→ ASSIGNMENT:
Take the lines from the beginning of the data below through the line holding "Canvas Planters with Sayings" and return exactly those.

→ DATASET ENTRIES:
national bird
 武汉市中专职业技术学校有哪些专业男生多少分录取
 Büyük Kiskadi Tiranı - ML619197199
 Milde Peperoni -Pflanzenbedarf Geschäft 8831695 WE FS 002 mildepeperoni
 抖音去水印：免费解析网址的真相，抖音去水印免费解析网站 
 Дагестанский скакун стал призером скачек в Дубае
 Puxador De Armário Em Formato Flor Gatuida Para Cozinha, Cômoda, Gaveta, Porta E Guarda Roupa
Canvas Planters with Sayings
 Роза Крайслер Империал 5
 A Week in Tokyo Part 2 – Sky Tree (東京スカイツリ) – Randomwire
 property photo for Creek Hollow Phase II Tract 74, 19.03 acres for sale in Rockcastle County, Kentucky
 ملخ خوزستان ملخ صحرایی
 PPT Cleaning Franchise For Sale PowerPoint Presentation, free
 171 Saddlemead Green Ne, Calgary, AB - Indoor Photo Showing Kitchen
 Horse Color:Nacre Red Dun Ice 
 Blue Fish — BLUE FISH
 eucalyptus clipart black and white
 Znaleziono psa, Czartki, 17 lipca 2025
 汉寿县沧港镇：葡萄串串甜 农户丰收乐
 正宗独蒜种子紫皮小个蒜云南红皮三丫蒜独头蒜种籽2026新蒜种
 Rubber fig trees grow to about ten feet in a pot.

→ ANSWER TO THIS EXERCISE:
national bird
 武汉市中专职业技术学校有哪些专业男生多少分录取
 Büyük Kiskadi Tiranı - ML619197199
 Milde Peperoni -Pflanzenbedarf Geschäft 8831695 WE FS 002 mildepeperoni
 抖音去水印：免费解析网址的真相，抖音去水印免费解析网站 
 Дагестанский скакун стал призером скачек в Дубае
 Puxador De Armário Em Formato Flor Gatuida Para Cozinha, Cômoda, Gaveta, Porta E Guarda Roupa
Canvas Planters with Sayings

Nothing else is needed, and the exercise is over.